• [What the task asks]: From the line containing "20 Victoria Street, Parkes NSW 2870" down to the last line of the entries, print each line exactly and leave the pictures out.

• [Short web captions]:
——————

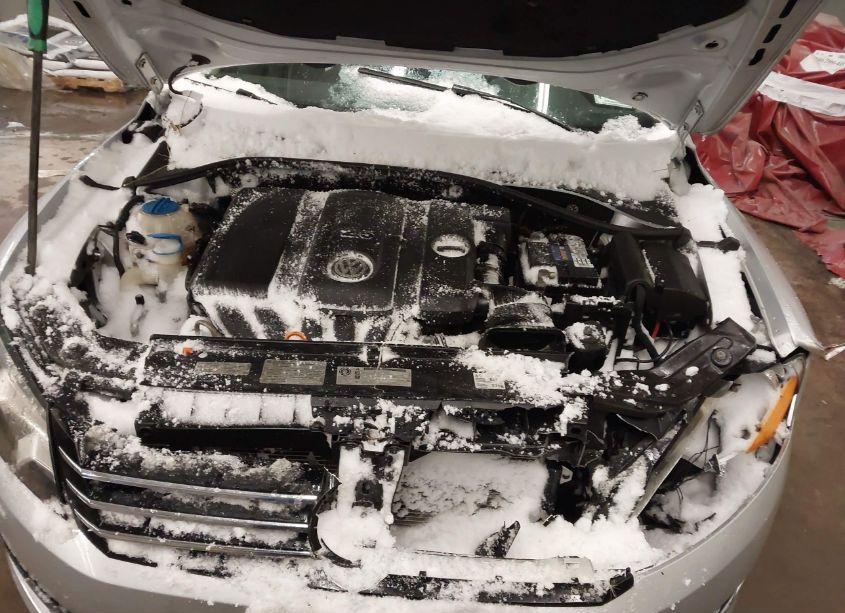 Photo 10 of 2012 Volkswagen Passat 2.5L SE (VIN 1VWBP7A30CC096427)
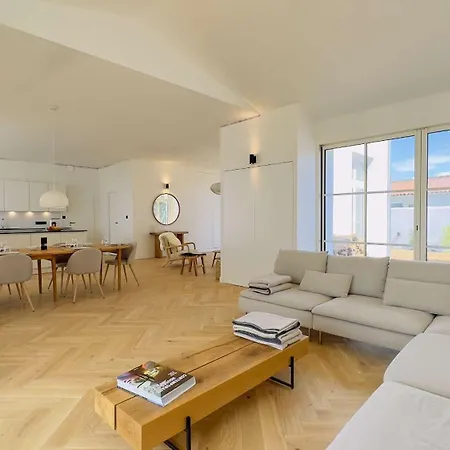 De Luxe Avec Piscine Pour 12 Personnes Villa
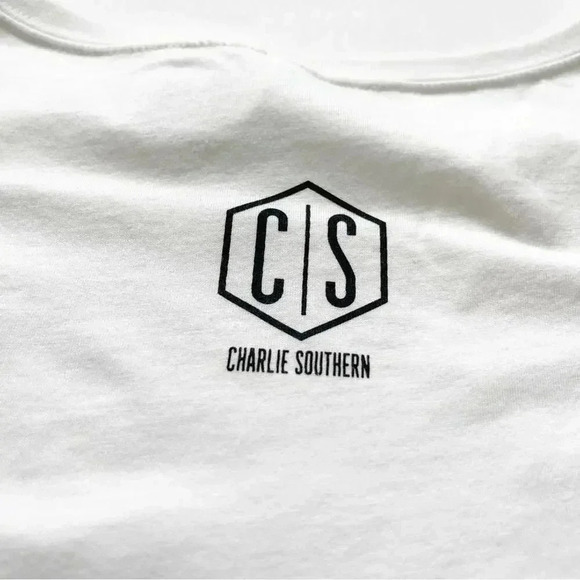 Charlie Southern Howdy Crop Tee Western L NWT - Picture 7 of 7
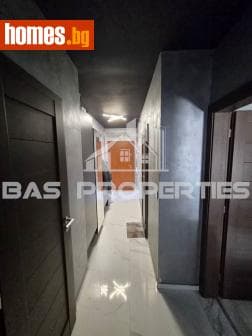 Тристаен, 127m²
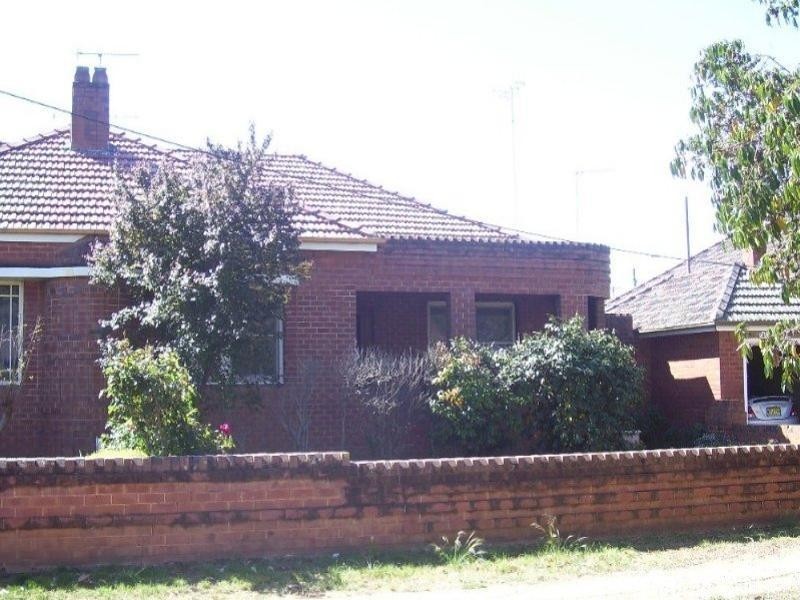 20 Victoria Street, Parkes NSW 2870
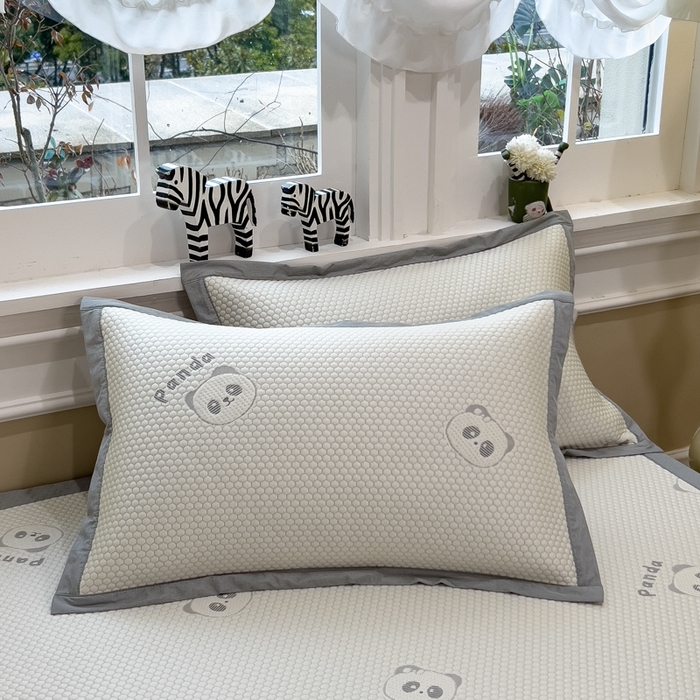 91家纺网 家纺一手货源 找家纺 倾慕家纺 2026新款PE时尚风豆豆凉席卡通系列--床席款 经典熊猫床席款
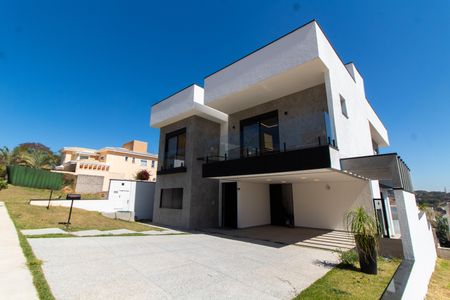 Casa de condomínio à venda com 411m², 4 quartos e 4 vagasFachada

——————

• [Result for this task]:
 20 Victoria Street, Parkes NSW 2870
 91家纺网 家纺一手货源 找家纺 倾慕家纺 2026新款PE时尚风豆豆凉席卡通系列--床席款 经典熊猫床席款
 Casa de condomínio à venda com 411m², 4 quartos e 4 vagasFachada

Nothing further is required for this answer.